* **GOAL OF THE EXERCISE**: The lines below, from the one holding "Fun in the sun: Actor" through the one holding "sunroom featuring an", are to be restated word for word, with all images left out.

* **EXTRACTED RECORDS**:
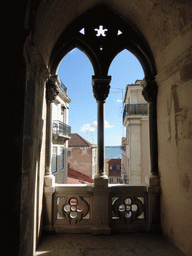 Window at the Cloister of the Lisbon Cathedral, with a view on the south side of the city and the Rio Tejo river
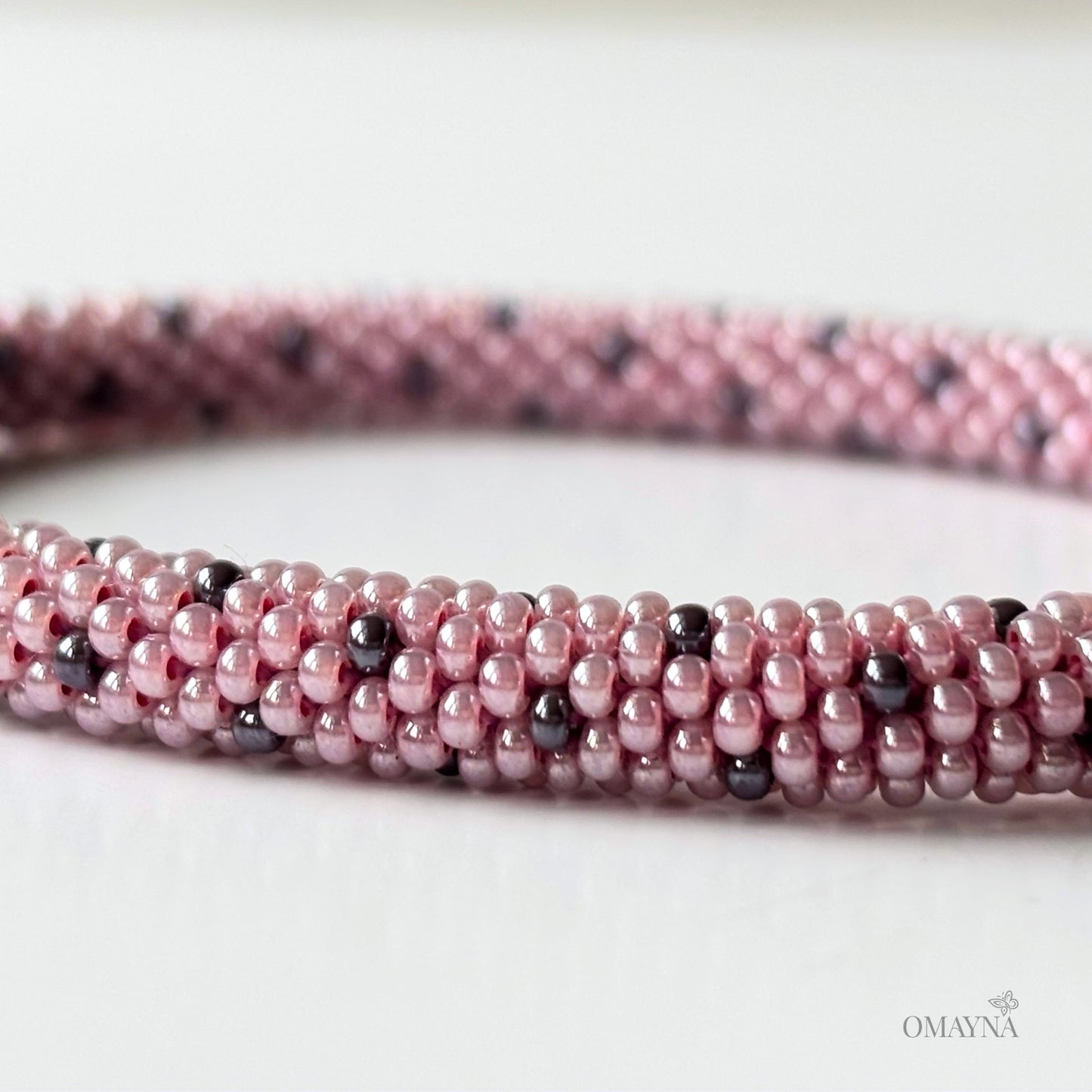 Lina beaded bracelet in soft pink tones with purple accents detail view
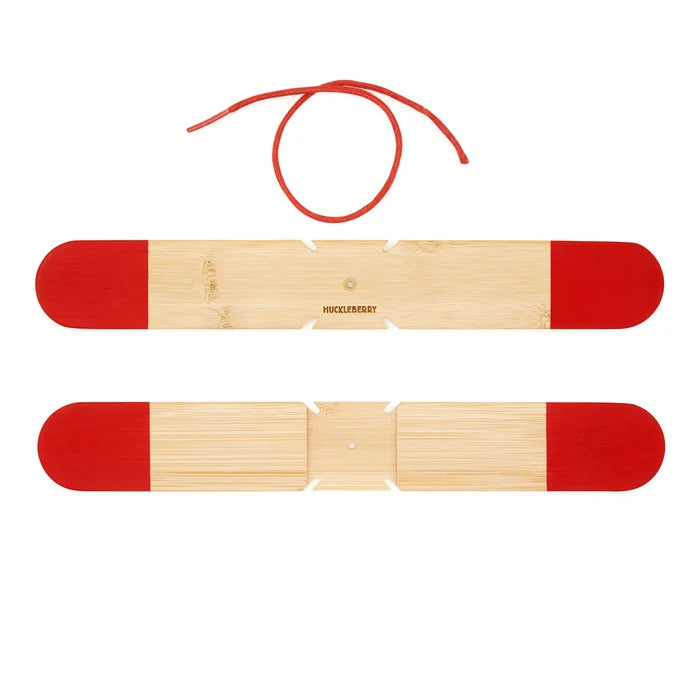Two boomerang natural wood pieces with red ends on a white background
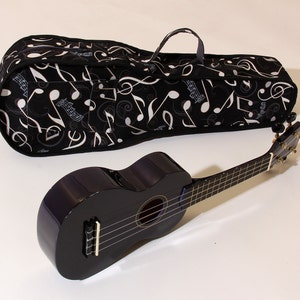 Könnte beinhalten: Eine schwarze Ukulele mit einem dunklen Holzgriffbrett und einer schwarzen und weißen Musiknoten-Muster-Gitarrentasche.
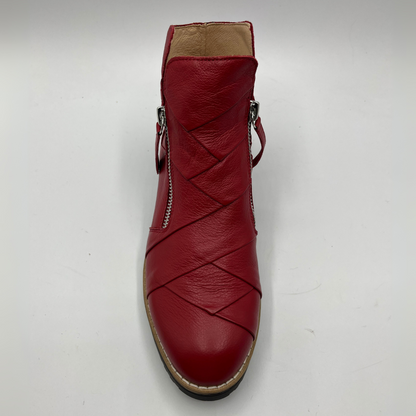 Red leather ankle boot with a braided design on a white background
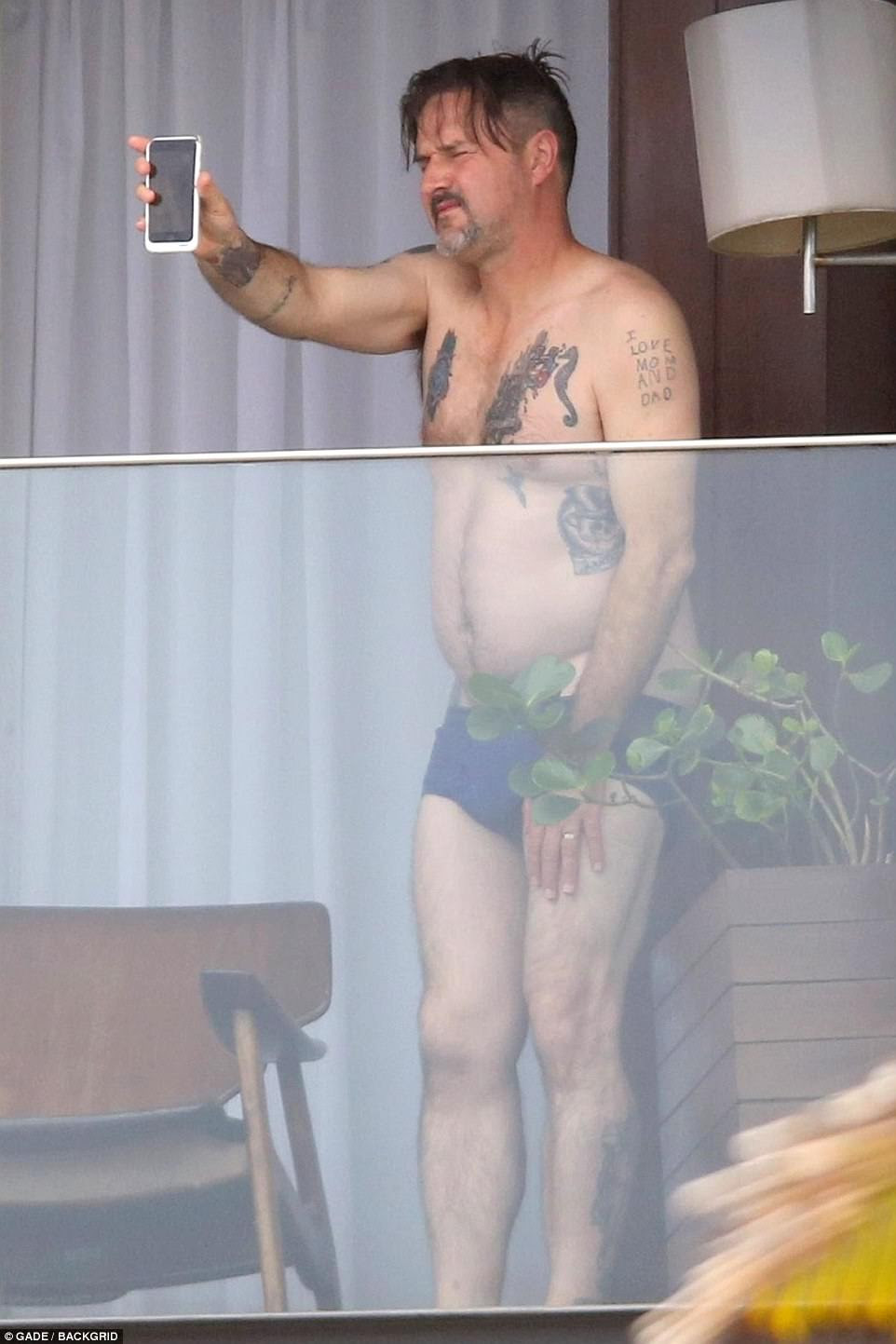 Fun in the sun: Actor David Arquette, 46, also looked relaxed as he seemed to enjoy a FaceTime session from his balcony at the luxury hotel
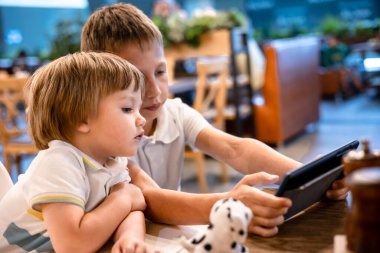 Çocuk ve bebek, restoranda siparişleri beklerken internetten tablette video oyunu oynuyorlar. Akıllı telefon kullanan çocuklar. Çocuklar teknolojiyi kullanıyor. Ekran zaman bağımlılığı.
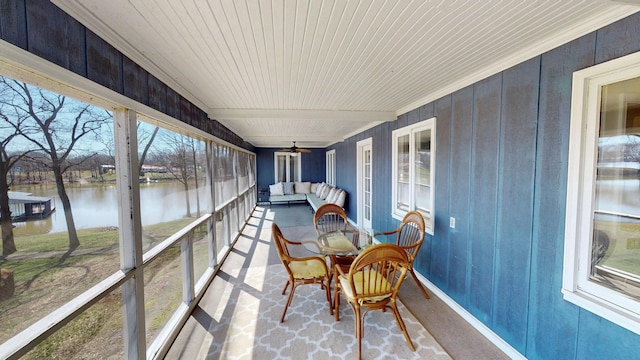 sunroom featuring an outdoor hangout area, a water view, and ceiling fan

==

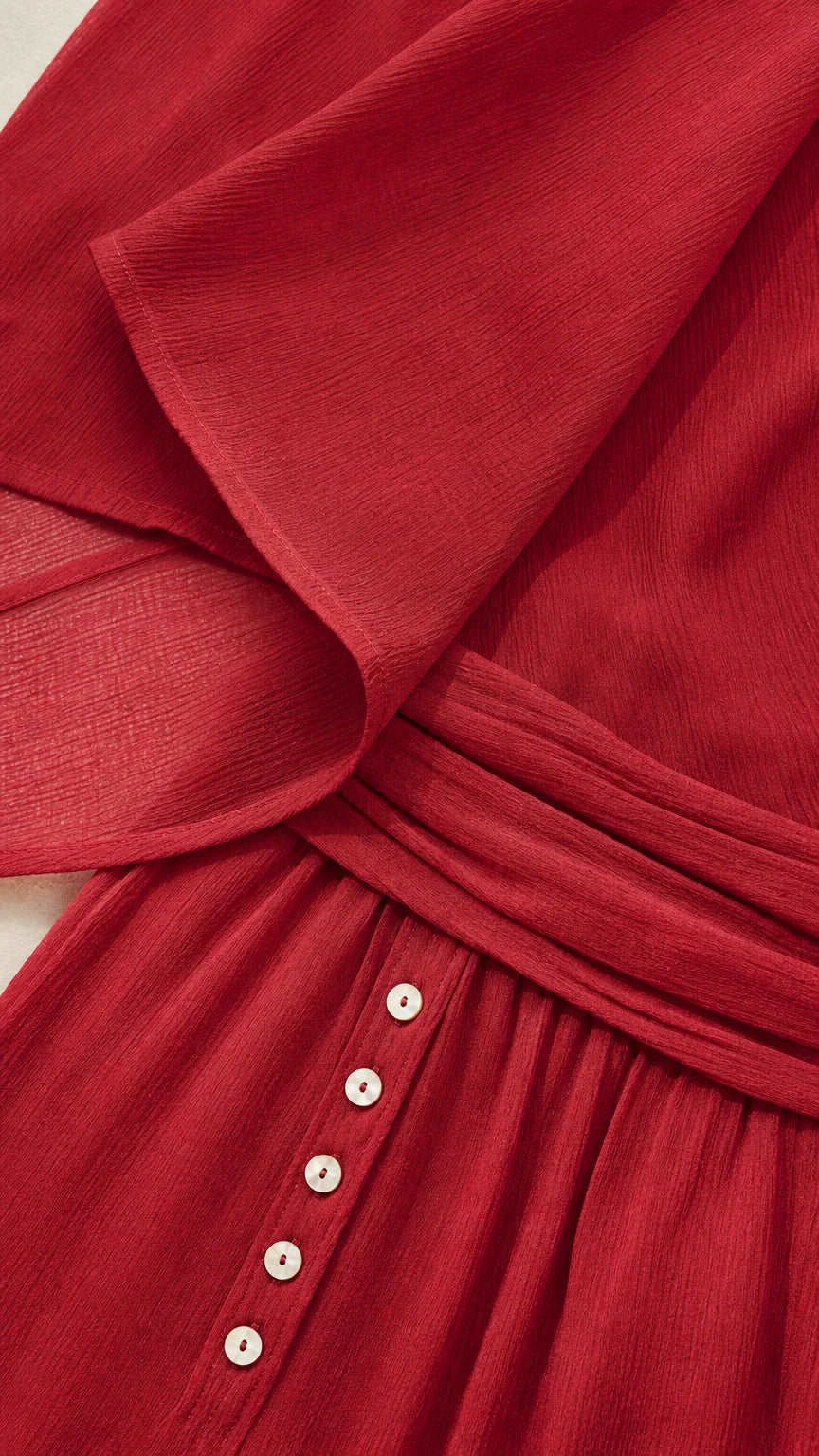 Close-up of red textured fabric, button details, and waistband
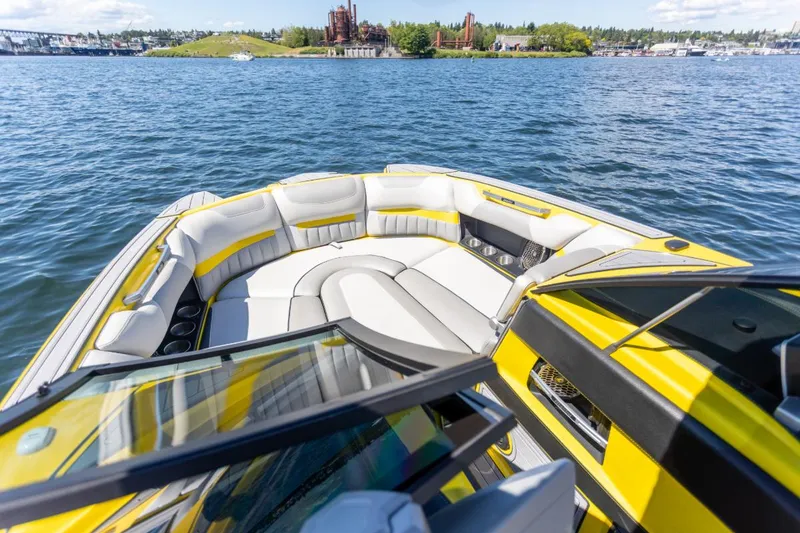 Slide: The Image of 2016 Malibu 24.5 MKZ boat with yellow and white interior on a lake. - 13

* **SOLUTION TO THIS PROBLEM**:
 Fun in the sun: Actor David Arquette, 46, also looked relaxed as he seemed to enjoy a FaceTime session from his balcony at the luxury hotel
 Çocuk ve bebek, restoranda siparişleri beklerken internetten tablette video oyunu oynuyorlar. Akıllı telefon kullanan çocuklar. Çocuklar teknolojiyi kullanıyor. Ekran zaman bağımlılığı.
 sunroom featuring an outdoor hangout area, a water view, and ceiling fan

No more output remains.